• Action item
Below are records; print only the lines from the line containing "macbookair2018" to the end, both included, reproduced exactly and without the pictures.

Material supplied: Begin

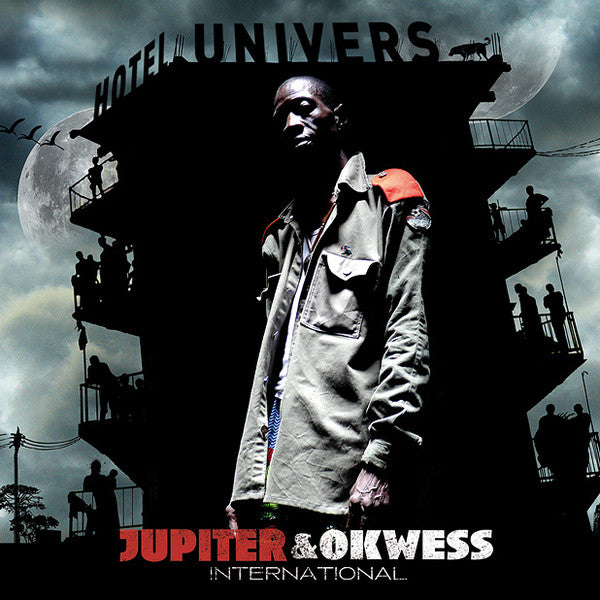 hotel-univers-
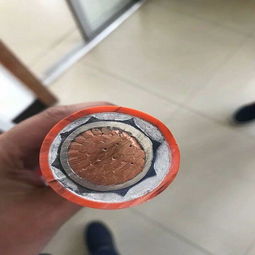 矿物质电缆BBTRZ直销 柔性矿物防火电缆的优势与选择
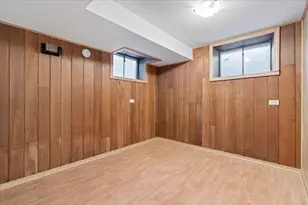 4443 Church St, Skokie, IL 60076 - Photo 16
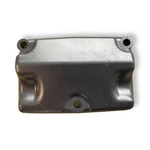 2005 Kawasaki Power Valve Cover. Fixed Price $29.99.
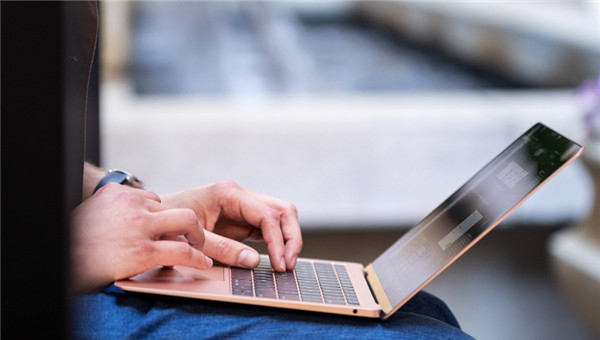 macbookair2018全面评测,applemacbookair2017怎么样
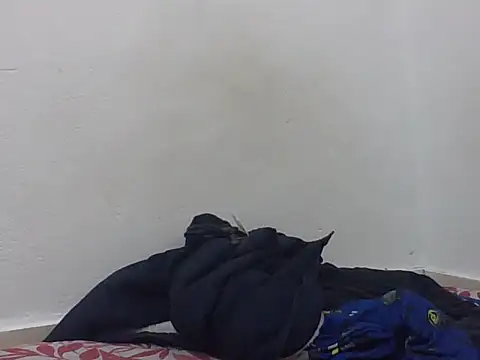 Black_beauty7 live cam on StripChat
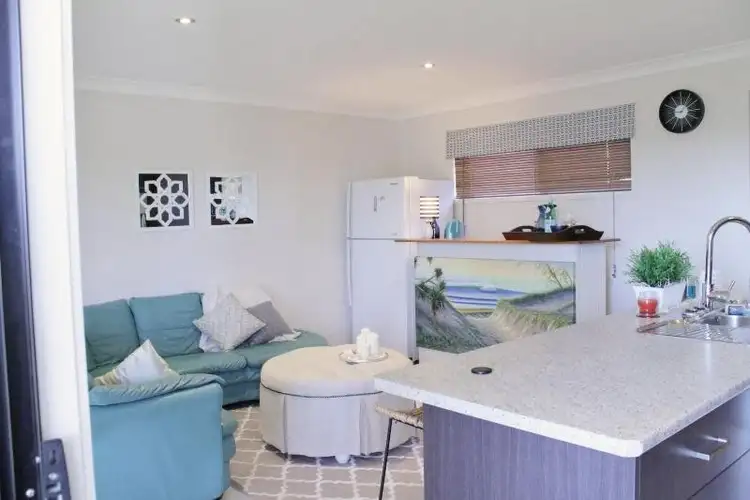 Fifth view of Homely house listing, 9 Romanda Place, Marsden QLD 4132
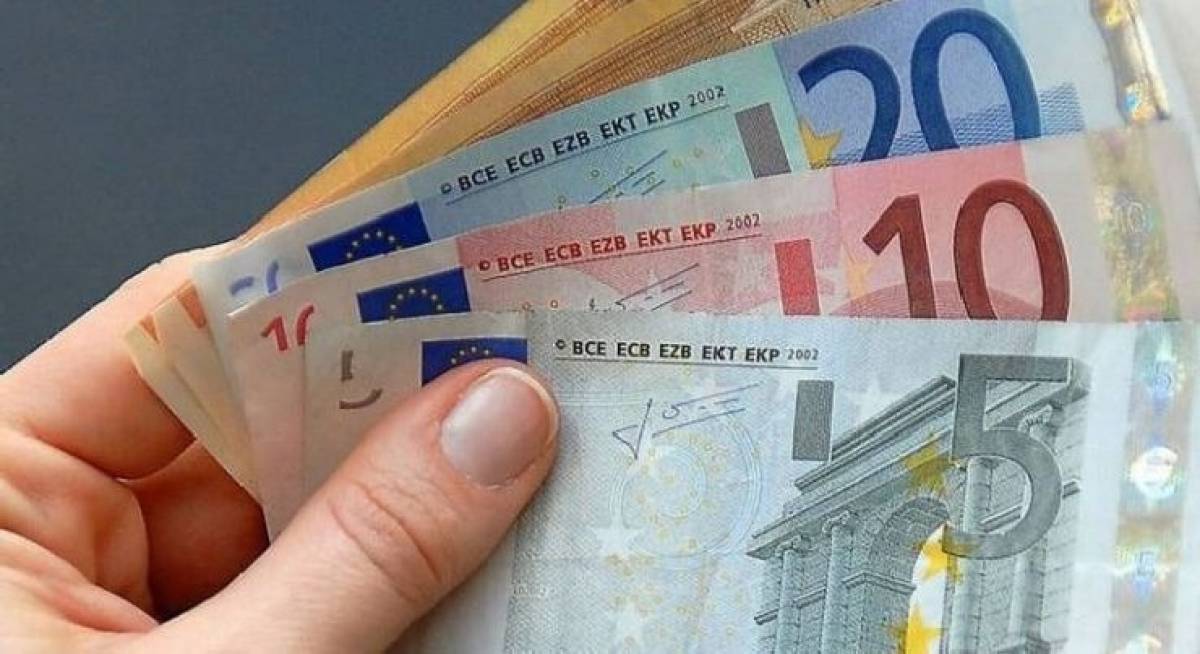 Πότε θα γίνει η πληρωμή του επιδόματος στέγασης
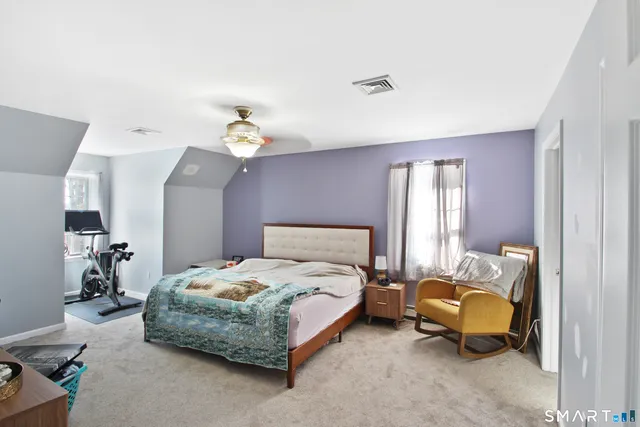 $439,900 | 121 Insalaco Drive, Windham, CT 06280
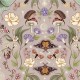 LUNAR MOTHS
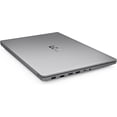 thumbnail image 4 of Laptop Gamer Lenovo LOQ 15ARP10E: Procesador AMD Ryzen 7 7735HS (hasta 4.75 GHz), Memoria de 16GB DDR5, SSD de 512GB, Pantalla de 15.6" LED, Video NVIDIA GeForce RTX 4050, S.O. Windows 11 Home., 4 of 4
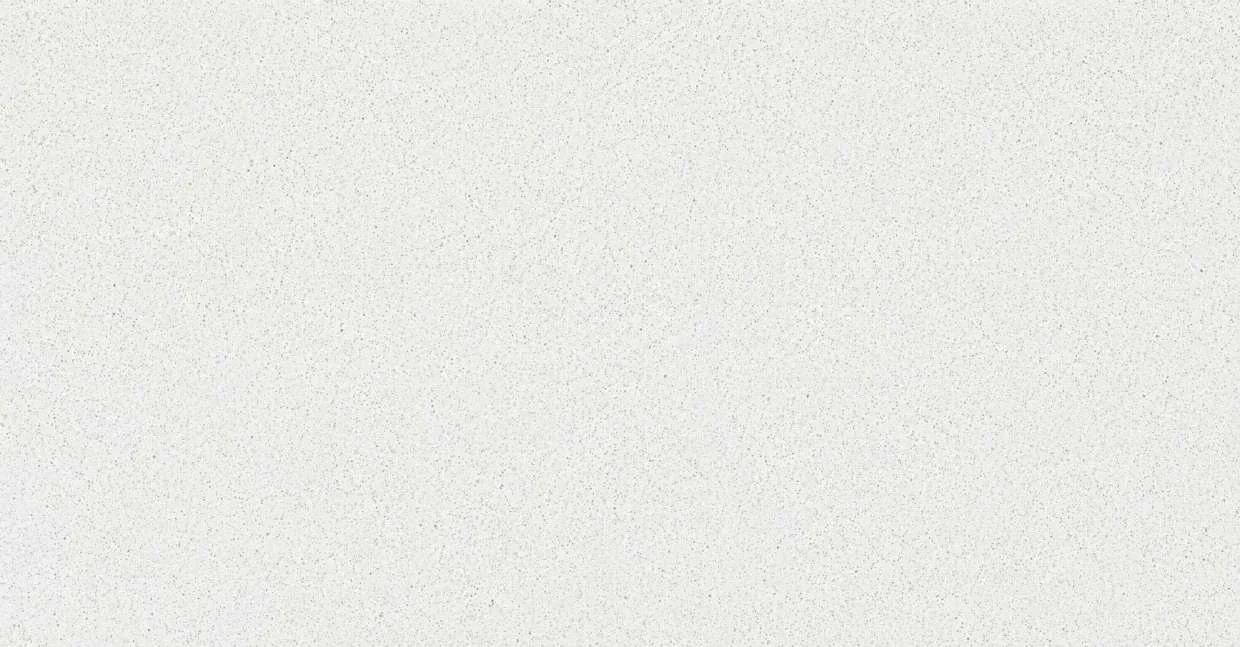 Peppercorn White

Material supplied: End

• Answer to this exercise
 macbookair2018全面评测,applemacbookair2017怎么样
 Black_beauty7 live cam on StripChat
 Fifth view of Homely house listing, 9 Romanda Place, Marsden QLD 4132
 Πότε θα γίνει η πληρωμή του επιδόματος στέγασης
 $439,900 | 121 Insalaco Drive, Windham, CT 06280
 LUNAR MOTHS
 thumbnail image 4 of Laptop Gamer Lenovo LOQ 15ARP10E: Procesador AMD Ryzen 7 7735HS (hasta 4.75 GHz), Memoria de 16GB DDR5, SSD de 512GB, Pantalla de 15.6" LED, Video NVIDIA GeForce RTX 4050, S.O. Windows 11 Home., 4 of 4
 Peppercorn White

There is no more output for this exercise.